The new album is focussed on similar themes but there’s a new energy to the
approach, wistfulness turns to anger; dislocation morphs into a powerful
desire to be somewhere else, with a sense of someone fighting for forward
motion, dreams, family and the joys of life while seeing, as Arthur puts
it, “˜the pretence of a normal world being erased.”
This spirit is supported by the music, which is vital, percussive, full of
analogue machine-noise and chunky basslines. The opener ‘Distant Storm’
features dreamy vocoder vocals over Moroder Moogs, immediately creating a
sense of space as Arthur soul-searches. He describes the track as the
feeling when something familiar becomes unfamiliar, and for all the
potential horror in that, there’s also a sense of discovery which you can
hear in this big, horizon-eyeballing dance workout.
The edgy, propulsive ‘In Your Room’ is about being away from the world
outside. Arthur describes sunlit walls and crystal clear senses but shadows
the imagery with music that presses in – obsessive and claustrophobic
rather than restful.

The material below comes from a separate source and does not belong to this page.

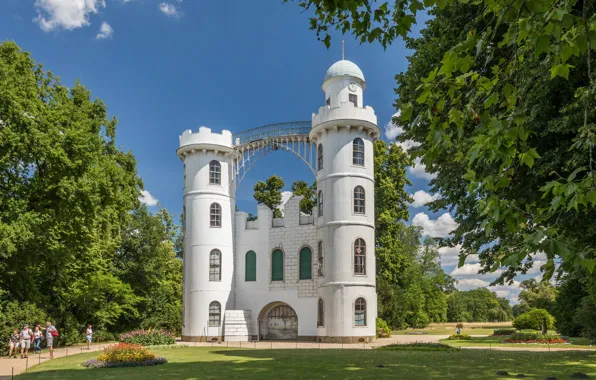 Trees, Park, castle, Germany, Germany, Berlin, Berlin, Peacock Island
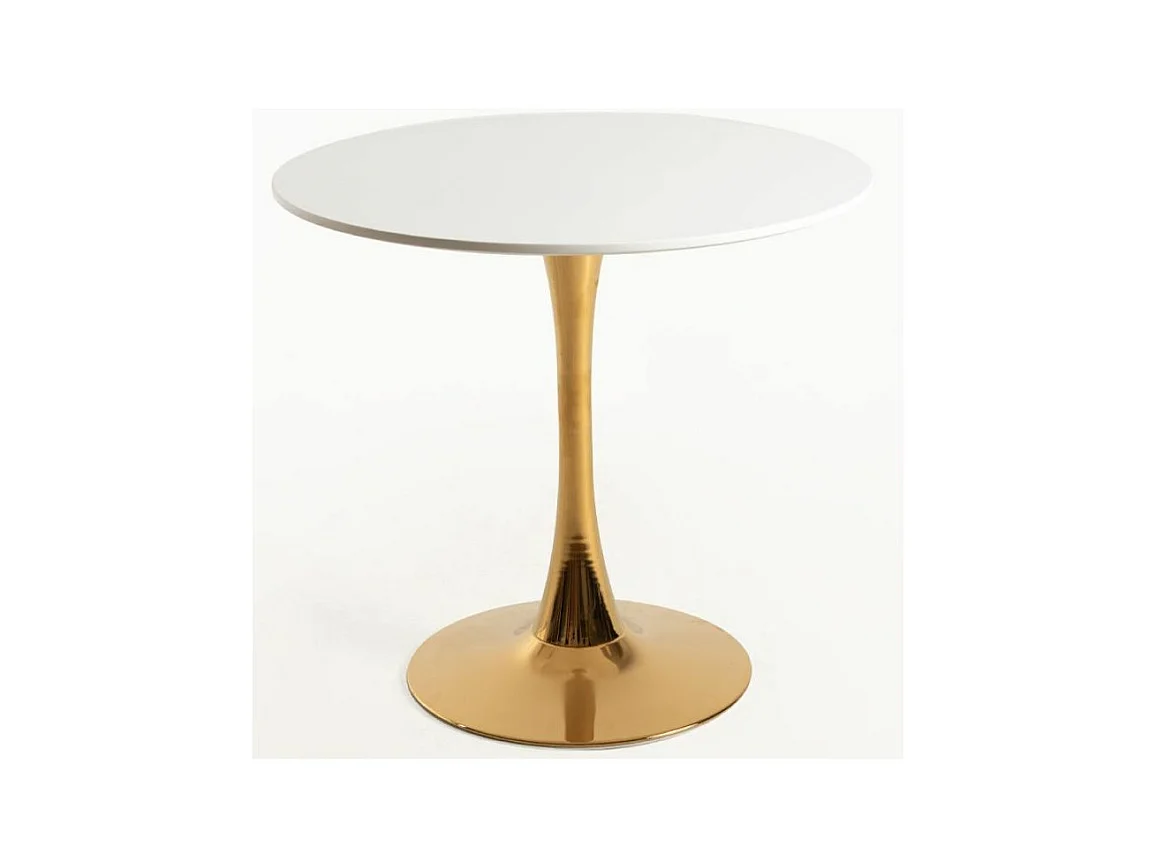Table ronde moderne bois blanc et pied métal doré Tulipa 80cm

Meanwhile the narrator in ‘I Smashed your Phone’
recalls a domestic incident, “the consequences of which will reverberate
until eternity.” Guilty, plaintive, defensive and with a trace of anger
camouflaged as sarcasm, the phone-smasher relates the event in epic,
cinematic terms, even recalling the early primitive man scenes of 2001: A
Space Odyssey. It’s an every day incident that reveals an awful lot about
people, relationships and our interaction with technology, while the music
is another foundation-shaking synthesiser anthem.
This frustration with modern devices and the limitations of people-defining
algorithms and how such things are manipulating communication, the work
place and daily life (people behaving like machines and using each other
like robots) is also expressed through ‘Talking To Machines’. But there’s a
twist! After all the whole album is created by humans interacting with
electricity and circuits. On this track, Arthur and Benge revel in the
artificial sounds, using them like power surges underneath the John
Lennon-like vocals and early ’70s vintage beats – the ghosts at the heart
of this machine-made song.
The tracks ‘Gravel Drive Syndrome’ and ‘Not A Priority’ are most definitely
about human beings. The former is a horrific portrayal of social climbing
at any cost and the emptiness at its core, woven like an old folktale by
Arthur over an imaginary pint. Arthur describes ‘Not A Priority’ as about
“people who are apparently not seen by others, who have a sense that you
don’t count or are seen as not important.” A glimmering, ambient pop song
with fellow electronic artist Hannah Peel featuring on the chorus, this is
one of the highlights on the album, balanced between melancholy and a hope
for renewed self-belief.
Guitars break through the synthesizers on the dark ‘TV Debate’ which
features a series of channel-surfing images about contemporary politics and
vacuous celebrity shows, while Benge’s The Andromeda Strain-styled
keyboards and David Rhodes’ fret-work on ‘Leaves’ create some of the most
atmospheric moments on the LP. ‘White Circle, Black Hole’ continues the
theme of new beginnings (in this case when you’re haunted by a recurring
nightmare and at your lowest point) and the record reaches its open-road
finale on the album’s title-track, ‘Wanderlust’. This bitter-sweet song
explores the longing to be somewhere else, a craving for new experiences
and the ‘good stuff’ of living in the moment. There’s sadness in what
change can bring, as children leave home, relationships break up and so on,
but there’s also wonder in the letting go of the past and moving on.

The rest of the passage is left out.